MR. JUSTICE GOLDENHERSH DELIVERED THE OPINION OF THE COURT:
Rehearing denied January 27, 1972.
Plaintiff, Sinclair Refining Company (now Atlantic Richfield Company), filed its complaint under the Administrative Review Act (Ill. Rev. Stat. 1969, ch. 110, par. 264 et seq.) seeking reversal of the administrative decision of defendant, Department of Revenue, holding plaintiff liable for additional taxes, and penalties, under the Retailers' Occupation Tax Act. (Ill. Rev. Stat. 1969, ch. 120, par. 440 et seq.) The circuit court of Cook County reversed the decision of the defendant, and defendant appeals directly to this court because the revenue and constitutional questions are involved. Supreme Court Rule 302(a).
The evidence shows that plaintiff, through a marketer, sells fuel oil to towboats traveling on the Mississippi River. The sales in question were made between Lock 26 near Alton and Lock 27 near Granite City. Lock 27 is the most southerly lock on the Mississippi and large tows traveling north are frequently broken into smaller units, and tows traveling south are tied into larger units in the area between Locks 26 and 27. A great deal of refueling, loading of supplies and changing of crews occurs in this area.
Refueling is frequently done in midstream and the testimony shows that this results in a saving of 4 to 5 hours which would be consumed if it were necessary to take on fuel at shore installations. The towboat captain advises the petroleum marketer by marine radio or mobile phone of his approximate time of arrival and the marketer dispatches a "fuel flat" which is instructed by the towboat captain as to when and where it is to meet the towboat and on which side of the towboat the hoses are to be connected. The fuel oil is delivered by means of flexible hoses extending from the "fuel flat" to the fuel tanks of the towboat. Rate of delivery varies from 5,000 to 30,000 gallons per hour and usually takes an hour from the time the hoses are connected and pumping is commenced.
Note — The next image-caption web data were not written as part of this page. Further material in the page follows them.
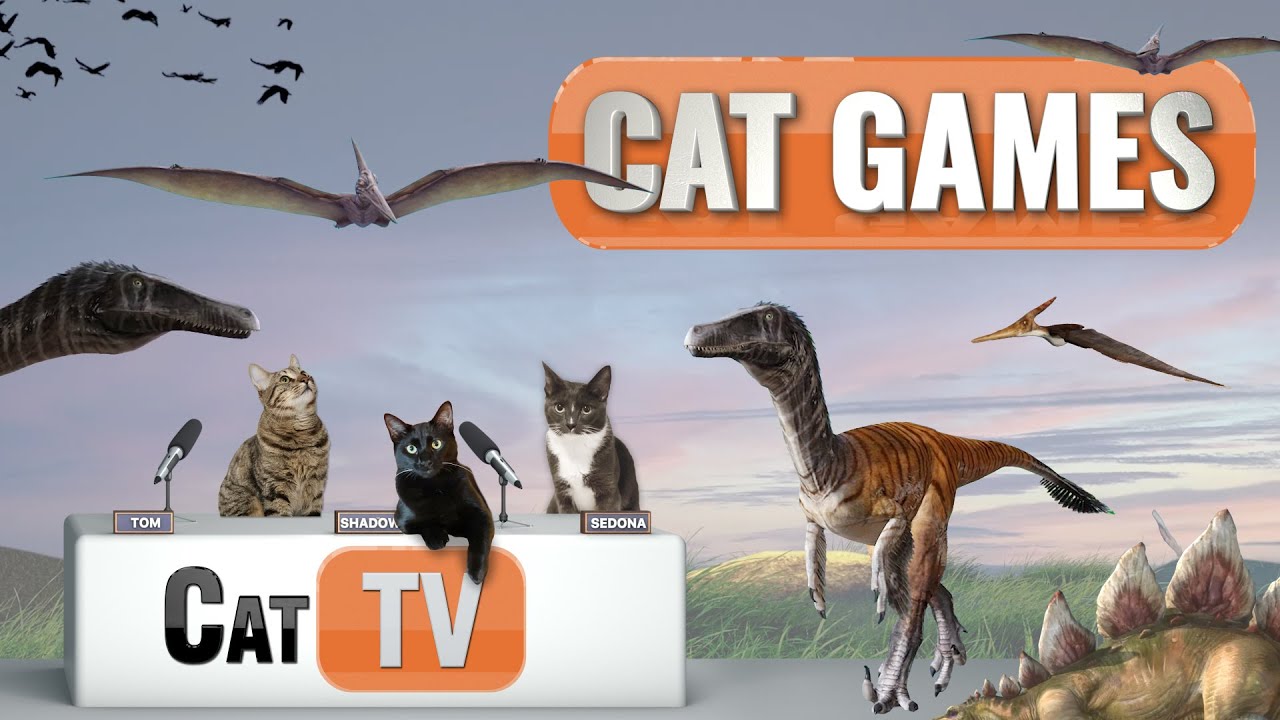 КОТ-игры | Purrasic World &ndash; дино-тастическое развлечение для кошек! 🦕😺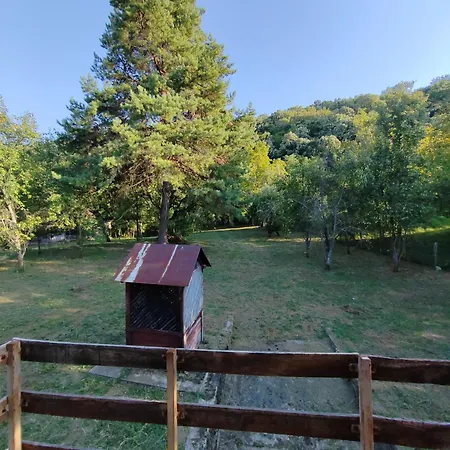 Domacinstvo Pecina * Petnica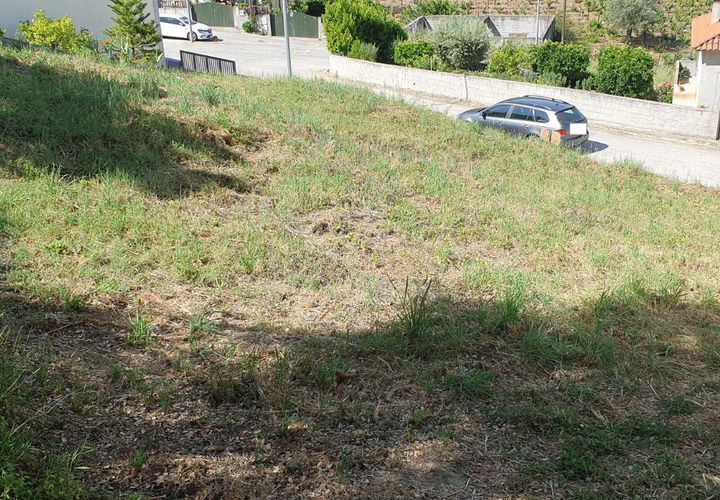 Terra a Armamar, Viseu, Armamar - € 27.900 | Ref: 803231004 - foto 1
There was considerable testimony concerning navigation problems between Locks 26 and 27. The course a towboat captain chooses on a particular trip depends upon the conditions of the channel, river traffic, sandbars, wind conditions, river currents, and the number of barges he is towing. Ordinarily, the channel is relatively straight and the fewest navigation problems occur between Lock 26 at Alton and the curve in the river at Wood River. The towboat captains try to stay in the center of the channel and refuel in this area. The center of the main channel of the Mississippi River is the boundary between Illinois and Missouri (People ex rel. Wangelin v. City of St. Louis, 367 Ill. 57; St. Louis Bridge Co. v. People ex rel. Baker, 125 Ill. 226; Buttenuth v. St. Louis Bridge Co., 123 Ill. 535), but there are no markers in the river to show the center of the main channel. The difficulty encountered in determining whether the fuel oil was delivered in Illinois or Missouri is illustrated by the testimony of Captain Earl Daily who stated, "We do not make any attempt to stay upon one side of the channel or the other for any purpose other than navigation. * * * [I]t could be that due to navigation factors, I usually do favor the Missouri side for navigation factors, but I make no attempt to stay on one side or the other for the purpose of being on one side or other of the State line. * * * I don't know anybody that makes an attempt to stay in one State or another."
This action involves two assessments against plaintiff, one for sales during the period of January, 1961, through March, 1963, and the other for sales from April, 1963, through March, 1964, which with penalties are in the aggregate amount of $56,070.96.
Defendant contends that the sales of fuel oil are subject to the tax imposed by section 2 of the Retailers' Occupation Tax Act (ch. 120, par. 441), and the circuit court erred in reversing defendant's administrative decision.
Plaintiff argues that sales of fuel oil delivered to vessels afloat on navigable waters have always been exempt from the Retailers' Occupation Tax Act. In support of its contention it cites the amendment of section 2 (Laws of 1968, p. 123) which provides, "nor is such tax imposed upon sales of fuel consumed or used in the operation of ships, barges or vessels which are used primarily in or for the transportation of property or the conveyance of persons for hire on rivers bordering on this State if such fuel is delivered by the seller to the purchaser's barge, ship or vessel while it is afloat upon such bordering river," and argues that the amendment "effected no substantive change in the law and merely was intended to make explicit that which had always been implicit in that law."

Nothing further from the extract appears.